All user processes must go through system call exit when it is terminating. When
system call to exit is made, the process frees the memory allocated to each of
the files it has open, in the files member of the thread struct. It then
iterates through the list of child_bookmarks, the child_waits member of the
thread struct, and frees the memory allocated to each bookmark entry.
At this point, the memory allocated during the execution of system calls for the
current process has been freed. The process then calls thread_exit(), which in
turn calls process_exit(). process_exit deallocates and destroys the current
process's page directory. Then thread_exit() then sets the thread's status to
THREAD_DYING, causing its resources to be deallocated at the schedule() which it
then calls.
After the above steps, all resources used by the current process has been freed,
and since user processes will always exit via a system call to exit, this will
always free all resources used by the process.
---- RATIONALE ----
>> B8: (2 marks)
>> Why did you choose to implement safe access of user memory from the kernel in
>> the way that you did?
Our method does have a higher overhead compared to the second method of editing
the exception handler, however by checking each of our given pointers prior to
dereferencing, in the event of an erroneous pointer, we exit the system call
immediately, as such we avoid the computation that would otherwise be performed
within the system call. This design choice was made under the assumption that
unnecessary system calls would be more expensive than the overhead from pointer
validation.
>> B9: (2 marks)
>> What advantages and disadvantages can you see to your design for file
>> descriptors?
The file descriptor is allocated using a static int "file_desc_count" that is
initialized to 2. Each time a new file is opened, a new struct file_fd is
created and the value of "file_desc_count" is assigned as the new file
descriptor then incremented. The struct file_fd contains a pointer to the opened
file and the allocated file descriptor. Next, the struct is pushed onto the list
of files opened by the current thread. When the file needs to be used. The file
pointer will be retrieved by the thread from its list of files through a linear
search by file descriptor.
The major advantage of this design is that the information of the file pointers
and descriptors are held by the thread rather than as a global data structure.

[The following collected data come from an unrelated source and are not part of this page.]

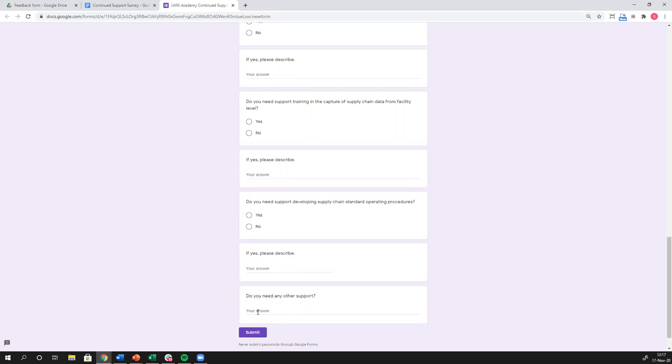You know, the number one rule for me in this whole DHIS2 world is do not suffer in silence. There are people, there is expertise out there to help you. You just need to let us know.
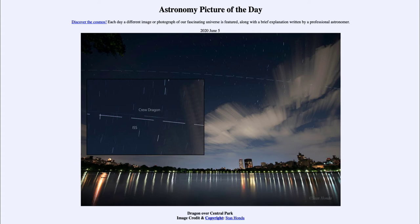It can be easily seen with the naked eye — you don't need a telescope or binoculars to be able to see the International Space Station, as long as you know where and when it will be passing over your area. It passes over most populated areas in the world. Now, if you look at the inset image, you can also see the Crew Dragon spacecraft.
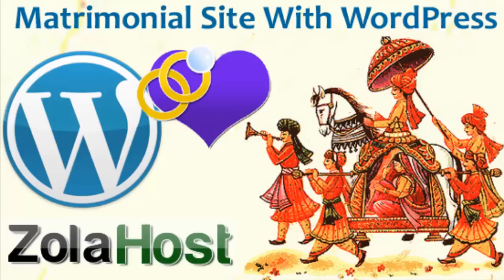In this tutorial I will show you how to manage your matrimonial site with WordPress. First, you should have to install the WordPress on your website.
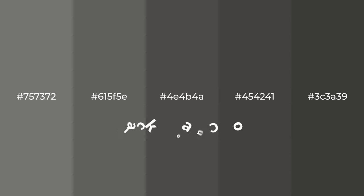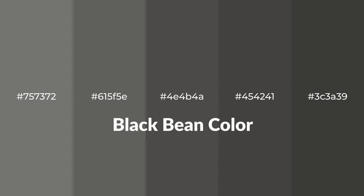Warm shades of black bean color with gray hue for your next project. To generate tints of a color, we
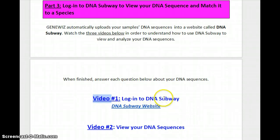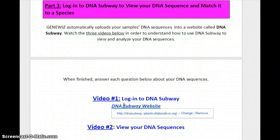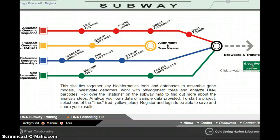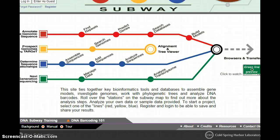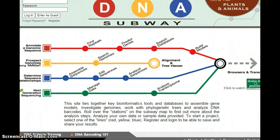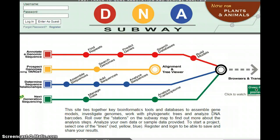To get to the DNA Subway website, you want to click on this link here that's provided for you in the Step 7 document. When you click on this link, this is what you should see. This is DNA Subway's website. Up in the left hand corner, you'll see a button that says 'Enter as Guest.' Go ahead and click that button.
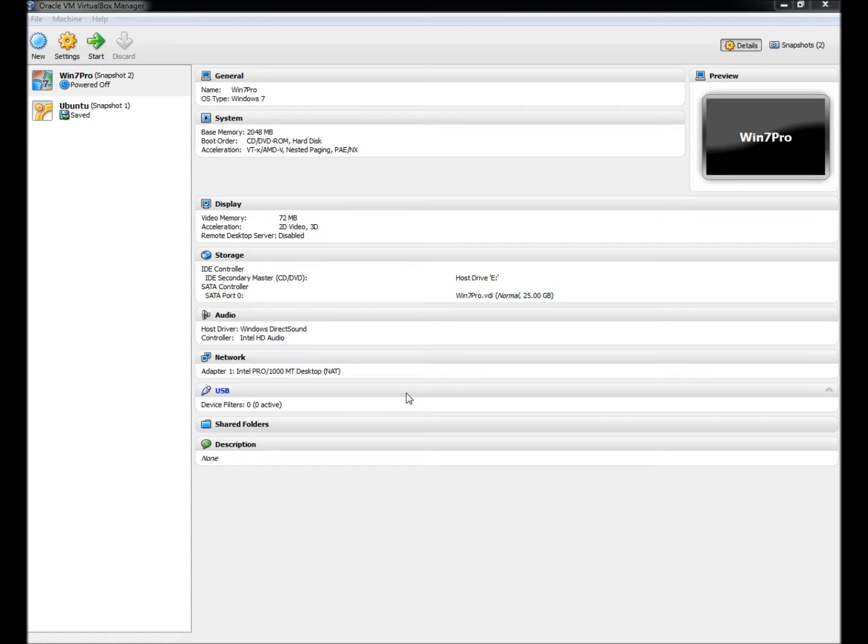I'm using VirtualBox for this video. I have Windows 7 installed within it, and I'm going to use the Windows 7 VM to test and practice with my live CDs.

The number of files opened by a thread is much fewer than the total number of
opened files, as a result, it will take less time for the thread to retrieve the
file pointer. Additionally, as the access to the static file_desc_count variable
inside the open system call is done only with the file system access lock,
filesys_lock acquired, we can still guarantee that the file descriptor is unique
for each of the thread's opened files.
A disadvantage is that it still takes linear time to get back a file pointer
with a file descriptor, which, whilst not a significant issue with a small
number of files open, would be inefficient if a process would require a larger
number of files. This could be potentially improved by replacing the files list
with hashmap, which gives constant access time.